#### [TASK REQUIREMENTS]
Leave every picture out, and give again exactly the lines from the one containing "Inner Year Room" through the end of the listing.

#### [TASK MATERIAL]
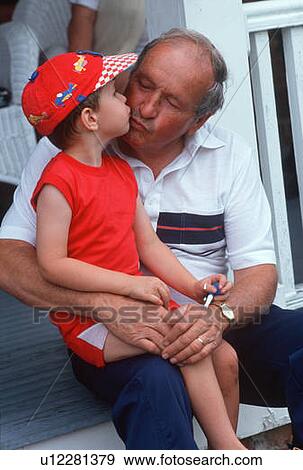 Stock Photo - Grandfather and grandson on porch. Fotosearch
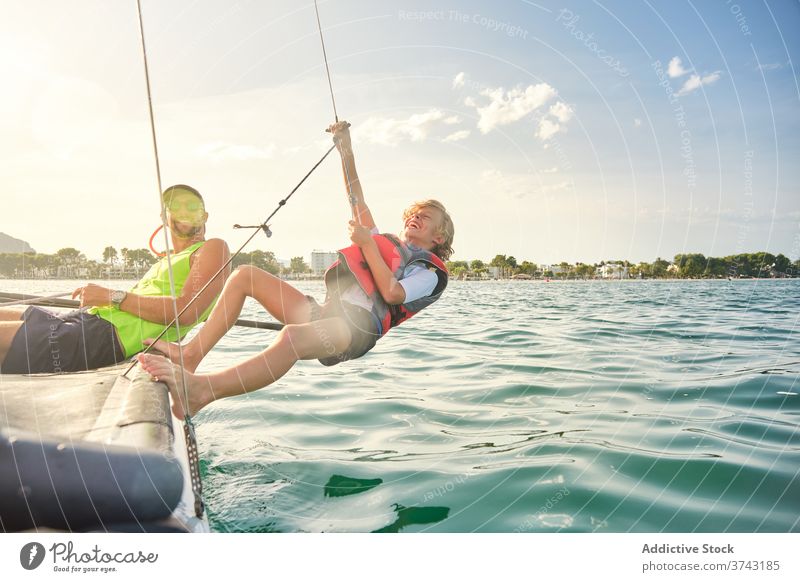 Boy with a life jacket laughing and grabbing a rope from a boat to make counterweights hanging out to sea gesture balance instructor racing teacher assistance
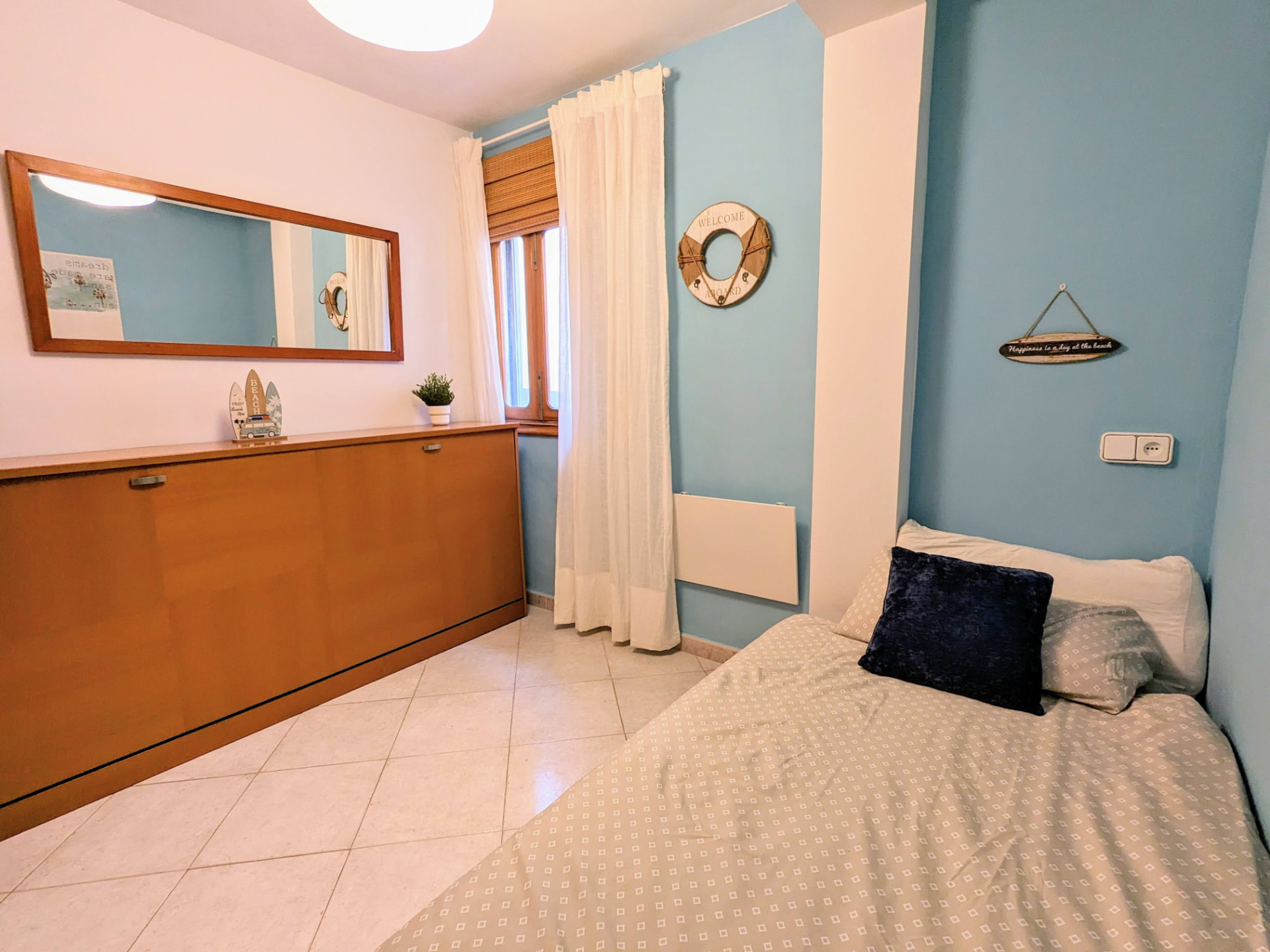 Inner Year Room with single bed, mirror and beach-themed decor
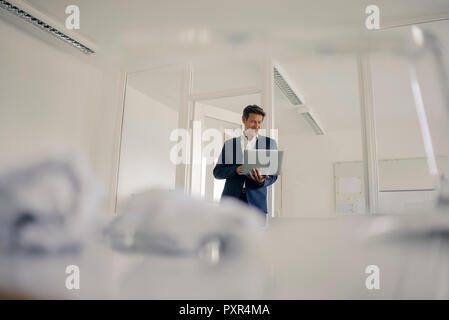Businessman standing in office, using laptop Stock Photo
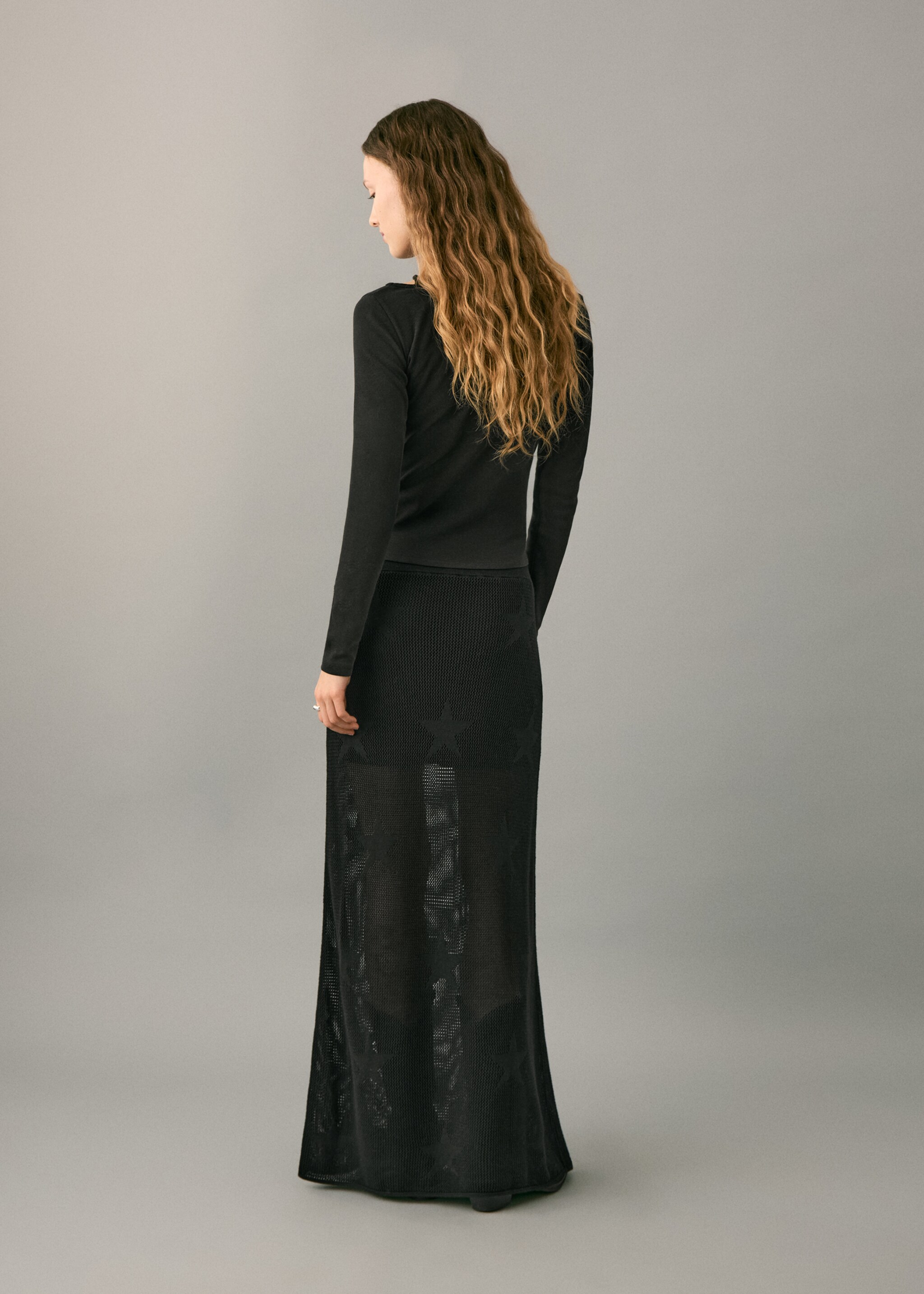 Semi-transparent knitted skirt with star - Reverse of the article, Black. Ref: 27091280-00.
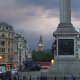 clock tower, lion statues, and tall pillar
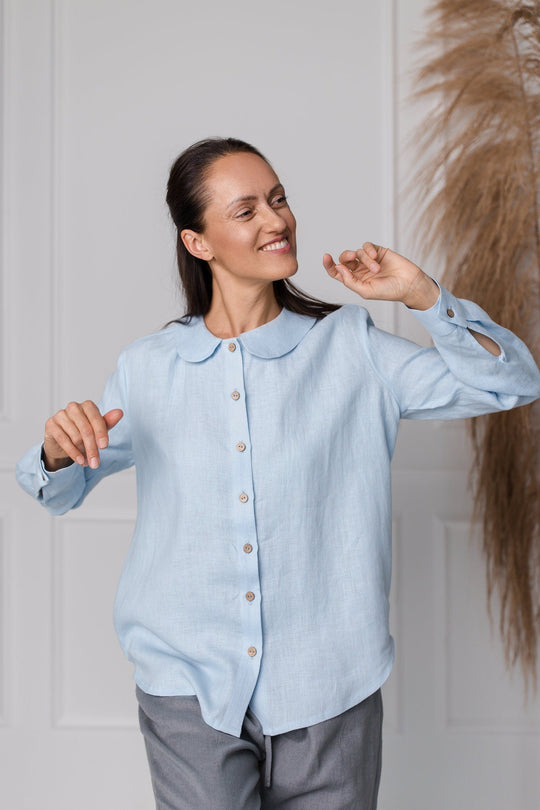 Women wears button front linen shirt in blue color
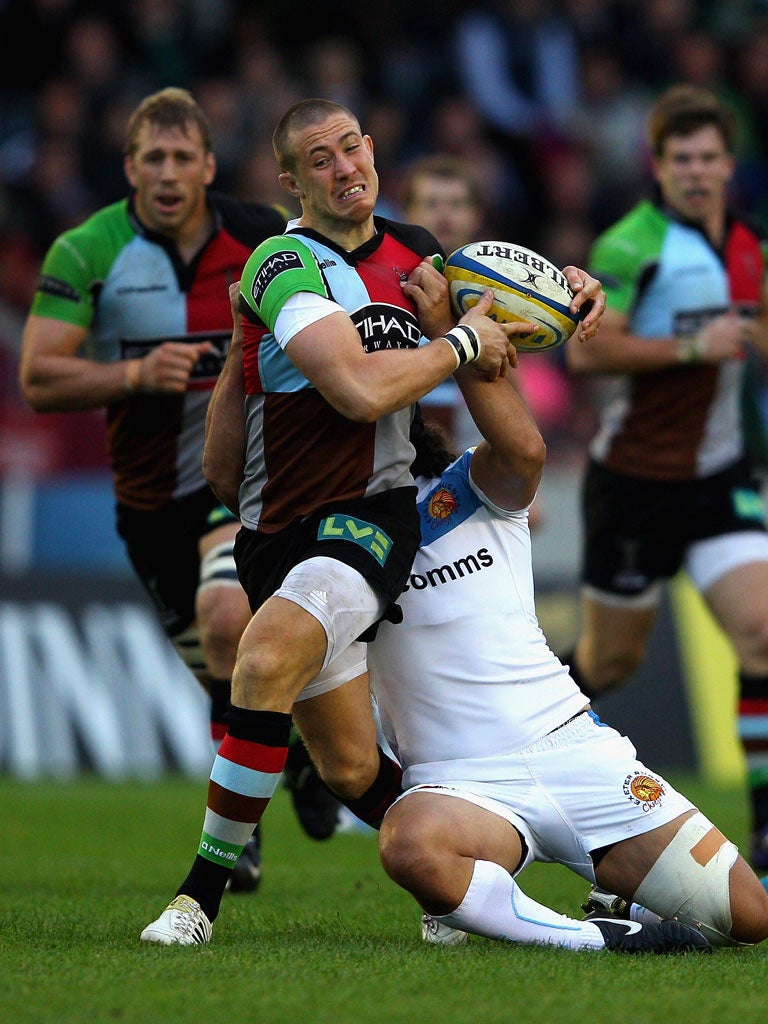 Mike Brown of Harlequins is tackled by Josh Tatupu of Exeter Chiefs on Saturday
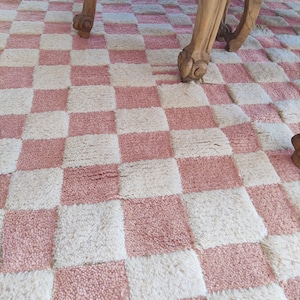 Puede incluir: Una alfombra de cuadros rosa y blanco con una textura esponjosa. La alfombra está hecha de un material suave y mullido y tiene un patrón de tablero de ajedrez.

#### [ANSWER SPACE]
 Inner Year Room with single bed, mirror and beach-themed decor
Businessman standing in office, using laptop Stock Photo
 Semi-transparent knitted skirt with star - Reverse of the article, Black. Ref: 27091280-00.
 clock tower, lion statues, and tall pillar
 Women wears button front linen shirt in blue color
 Mike Brown of Harlequins is tackled by Josh Tatupu of Exeter Chiefs on Saturday
 Puede incluir: Una alfombra de cuadros rosa y blanco con una textura esponjosa. La alfombra está hecha de un material suave y mullido y tiene un patrón de tablero de ajedrez.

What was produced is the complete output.